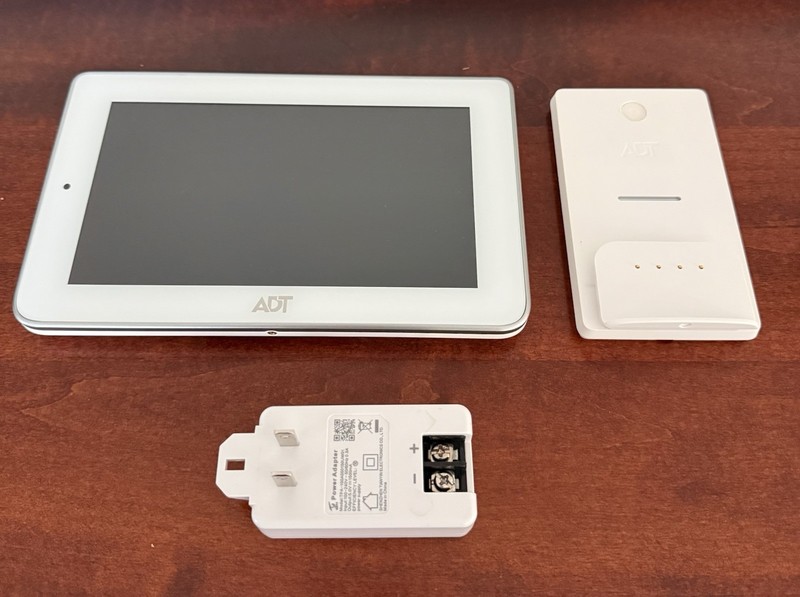 ADT WTS700 Resideo 7in Wireless Secondary Color Touchscreen with Wall Mount gallery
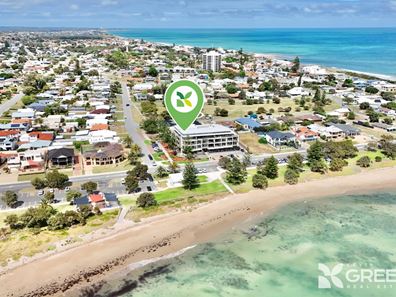 2/11 Halls Head Parade, Halls Head WA 6210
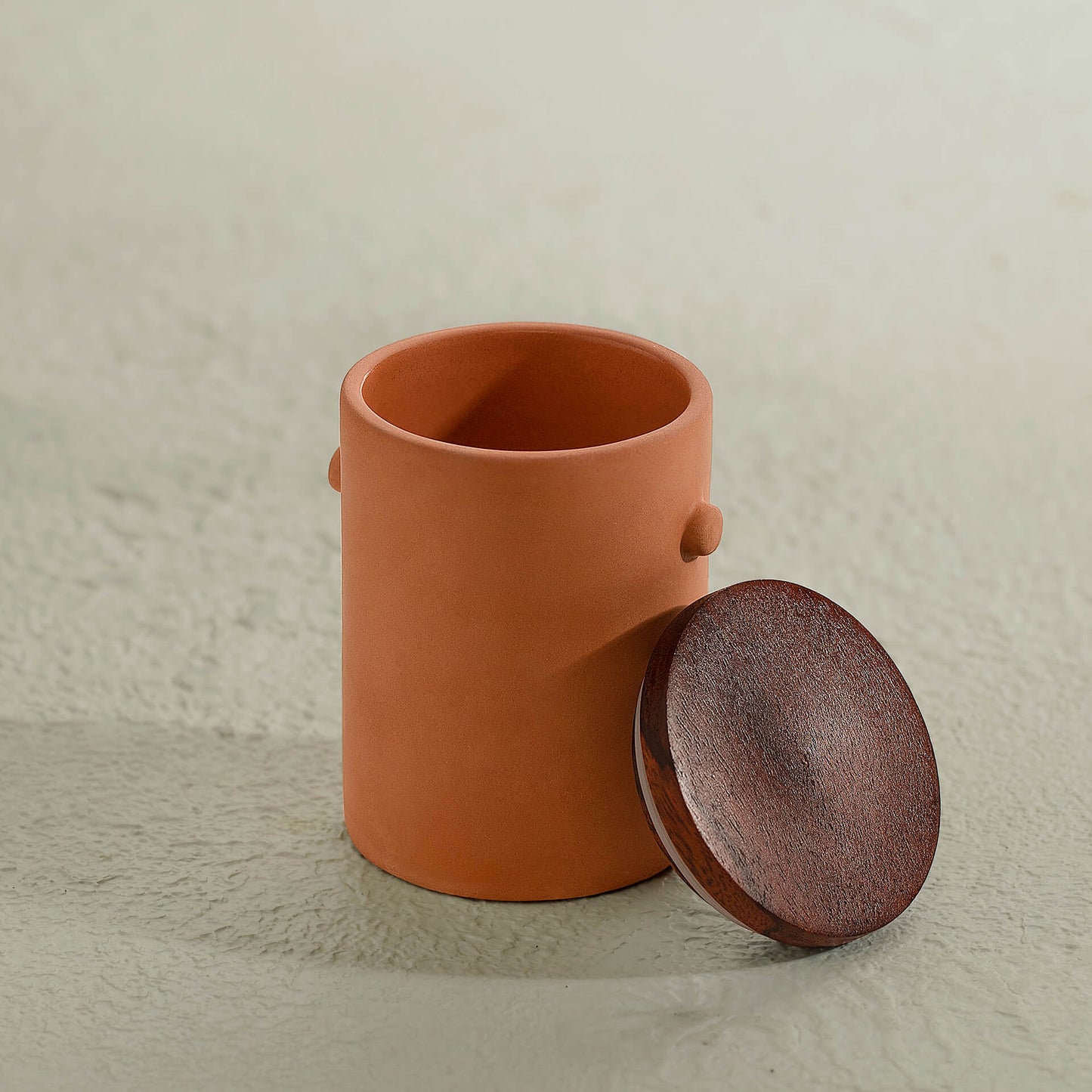 Terracotta tumbler with wooden lid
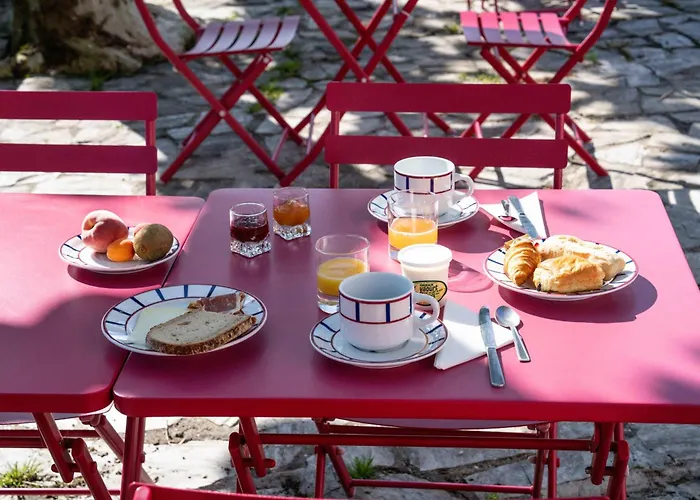 Logis Baratxartea Hotel 2*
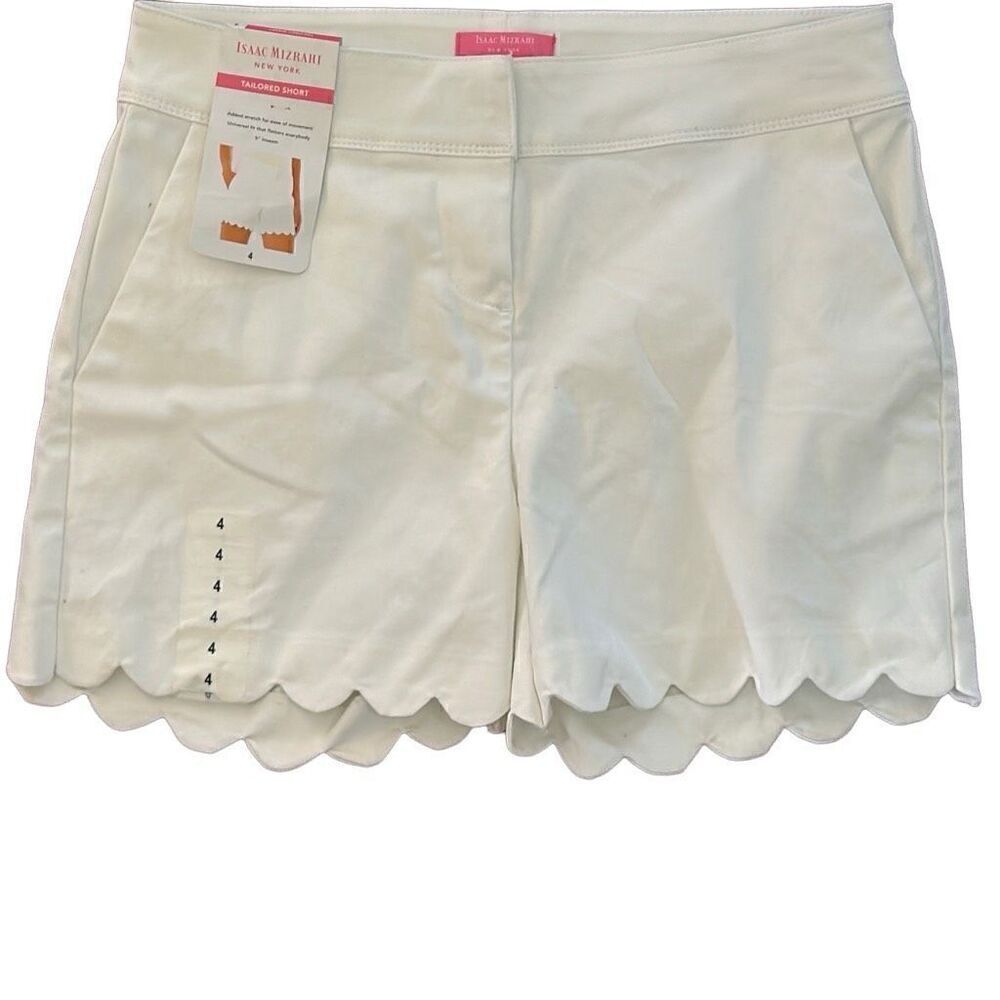 New with tag Isaac Mizrahi, white scallop short size 4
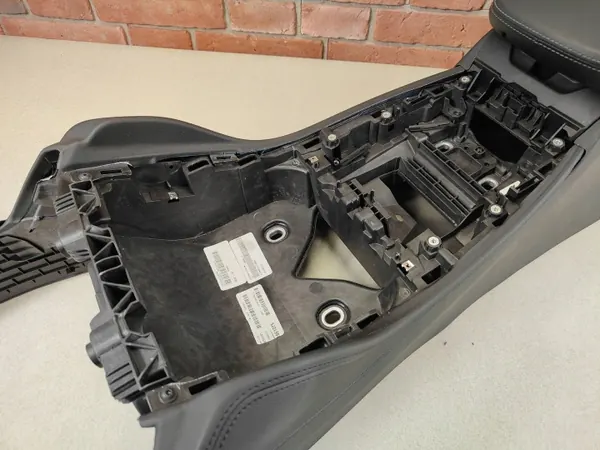 OEM 6814805 Accoudoir Console Centrale Noir Couture Grise image 6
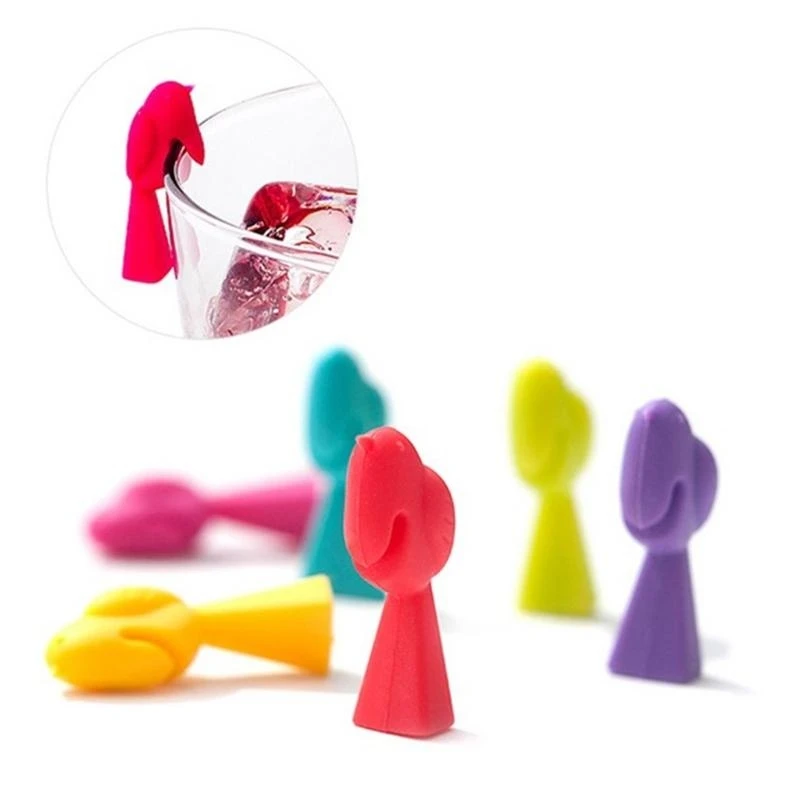 F19B Wine Glass Markers Set of 18 Dolphin Pineapple Bird Silicone Drink Glass Charms Identification Cup Labels Signs for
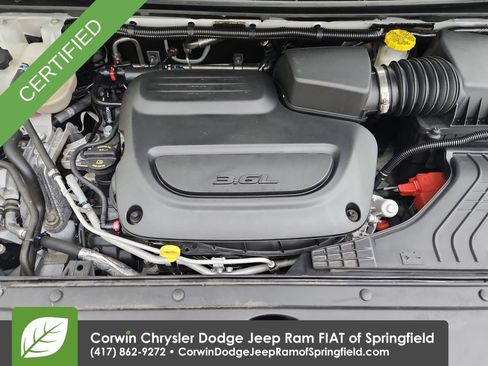 Certified 2024 Chrysler Pacifica Touring-L FWD image 33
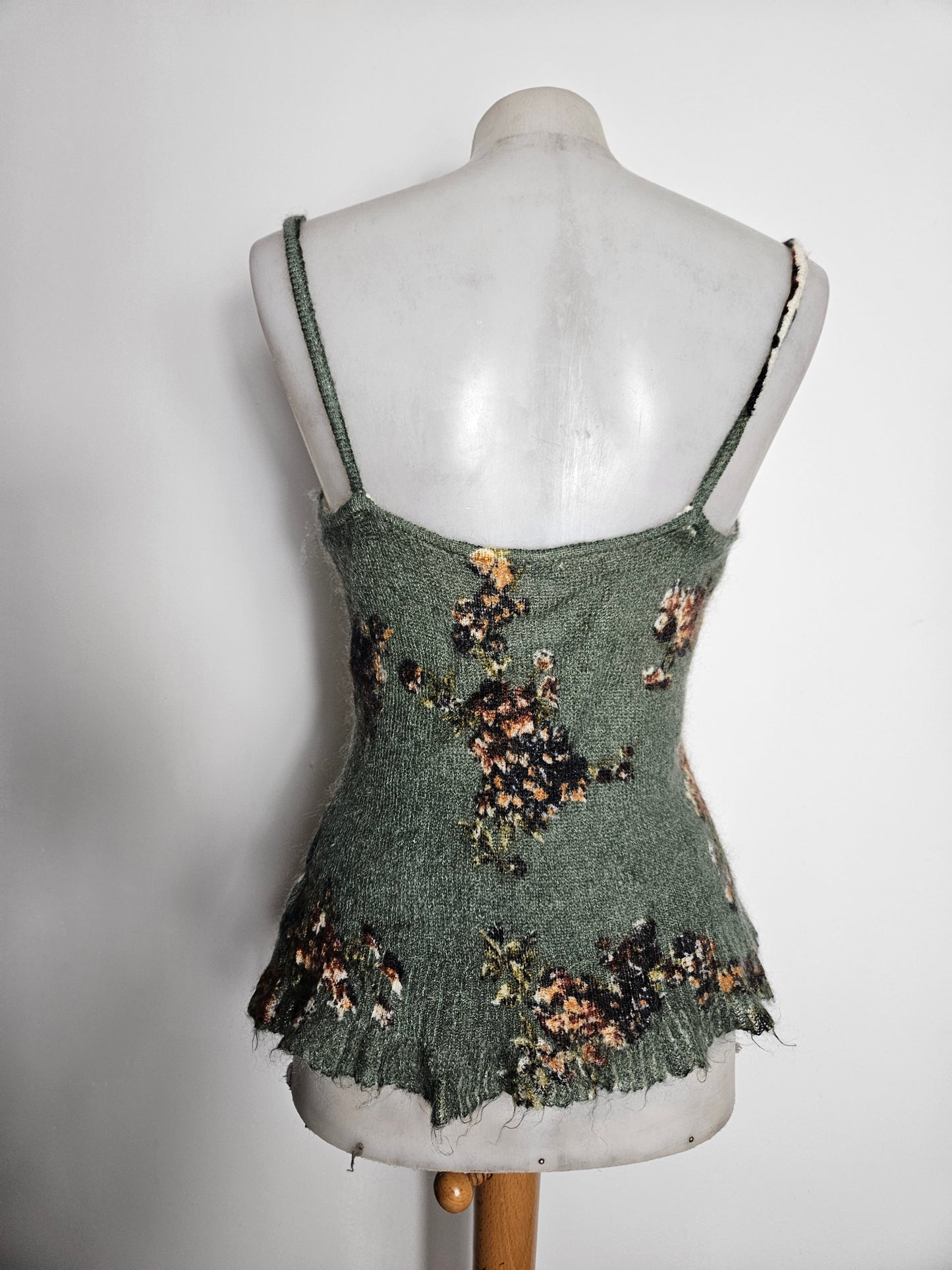 Haut en mohair motif floral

++++

WHAT TO WORK ON - Working from the line that contains "F19B Wine Glass" to the last line of the listing, please quote each line exactly, pictures excluded.

ANSWER BOX -
 F19B Wine Glass Markers Set of 18 Dolphin Pineapple Bird Silicone Drink Glass Charms Identification Cup Labels Signs for
 Certified 2024 Chrysler Pacifica Touring-L FWD image 33
 Haut en mohair motif floral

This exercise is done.